In Pullen v. McDonald's Corp., Nos. 14-11081, 14-11082, 2014 WL 4610296 (E.D. Mich. Sept. 15, 2014), two groups of plaintiffs filed collective action lawsuits under the Fair Labor Standards Act (“FSLA”) against different owners and operators of McDonald’s restaurants. McDonald’s Corporation was a defendant in both suits. In companion cases before the same judge in the U.S. District Court for the Eastern District of Michigan, the plaintiffs filed Motions for Conditional Certification and Judicial Notice.
The underlying allegations were that, because the plaintiffs were required to wait off the clock either before or after their shifts, or during an extended breaks, and because the costs of their uniforms were deducted from their paychecks, they were compensated less than the minimum wage required by the FLSA. The plaintiffs, in motions that were nearly identical, sought approval to notify over 1,000 “similarly situated” current and former McDonald’s workers. One of the defendants alleged that the number was actually 3,000 such workers who would be notified.
This case was governed by the FLSA. Collective actions under the FLSA are not the same as Federal Rule 23 class actions, although they are similar.

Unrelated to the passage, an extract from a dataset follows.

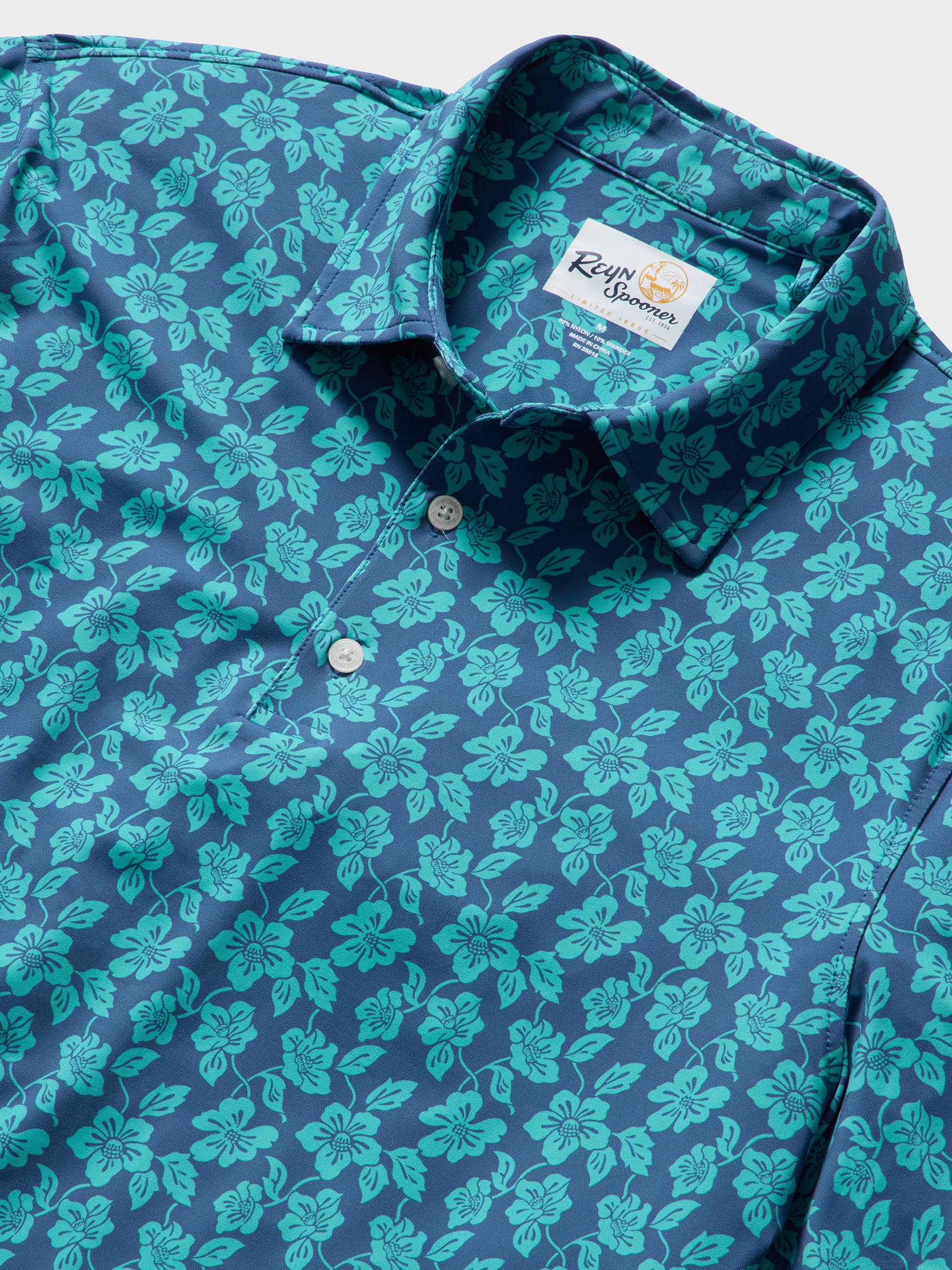 Reyn Spooner CAMELLIAS PERFORMANCE POLO in DARK TEAL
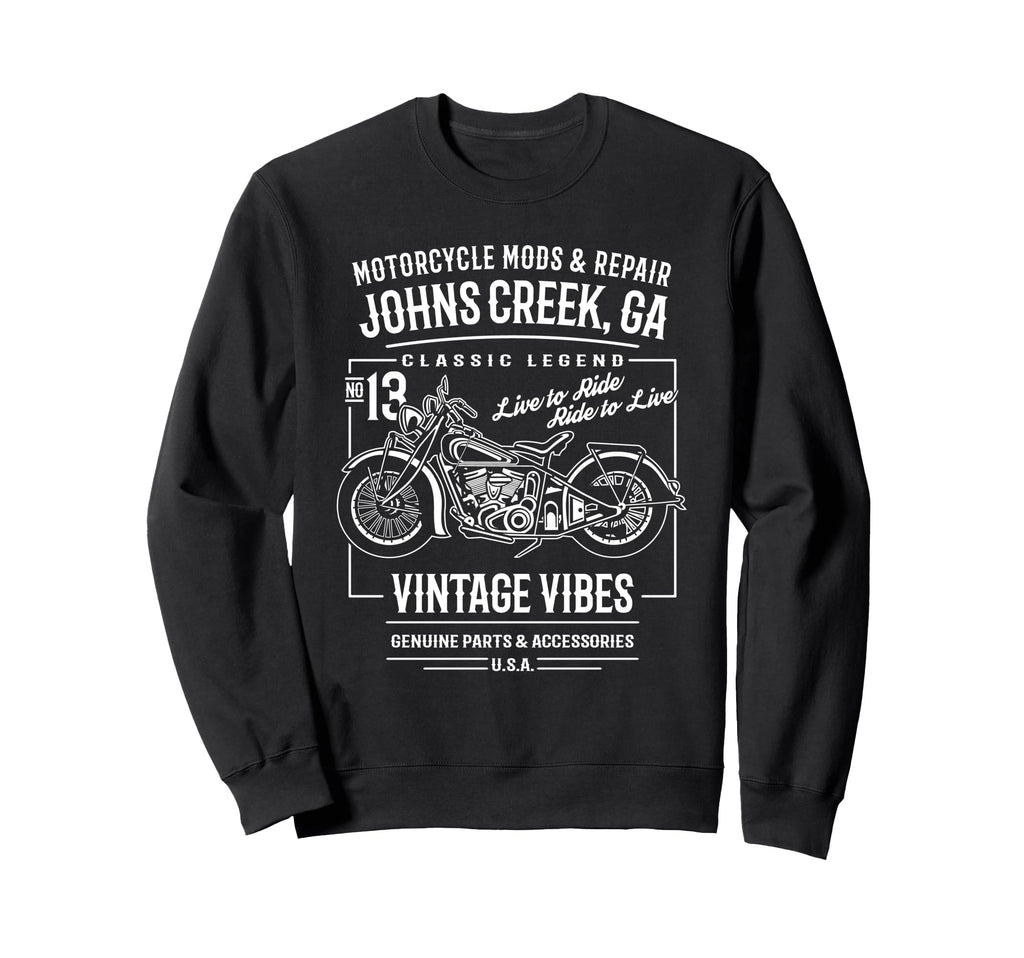 Johns Creek Ga Usa Motorcycle Sweatshirt - Novelty Apparel Unisex - T-Shirt, Sweatshirt, Hoodie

Under the FLSA, similarly situated employees must affirmatively opt into collective actions, which is different from the Federal Rule 23 scenario for absent class members. The FLSA certification process occurs in two stages.
A more lenient standard is applied initially for conditional certification. Then, in a FLSA collective action, notifying potential plaintiffs of their ability to participate follows this initial conditional certification. Later, a defendant may move to decertify. This usually occurs after a period for discovery. At that point, the issue is whether the opt-in plaintiffs are in fact similarly situated, decided on the basis of a full evidentiary record.
Olivio v. GMAC Mortgage Corp., 374 F.Supp2d 545, 548 (E.D.Mich. 2004) set forth the standard applied in the McDonald’s case. To be similarly situated, persons must be “victims of a common policy or plan that violated the law” or their “claims [must be] unified by common theories of defendant’s statutory violations, even if the proofs of those theories are inevitably individualized and distinct.”
Here, the uniform price issue was disposed of in part because the defendants agreed at oral argument to reimburse employees when their clothing deductions brought their average hourly pay to below the minimum wage. The Court also noted, however, that some of the alleged class members were under the age of 20, and thus their minimum wage was $3.00 per hour less than that of the rest of the plaintiffs and putative class members. Thus, on both this issue and the clocking-in issue, the Court found that it almost certainly would determine that the plaintiffs were not similarly situated after discovery.
Observing that this would be a large class to notify, the Court stated as follows: “These 1,000 to 3,000 putative class members had varying pay rates, hours worked and deduction methodologies applied to their pay. They worked for different managers at different restaurants; and the wait times are extremely inconsistent, both in terms and duration and frequency.” Thus, the Court denied the Motions for Conditional Certification and Judicial Notice, and denied as moot a motion to strike filed by defendants with respect to the plaintiffs’ briefing.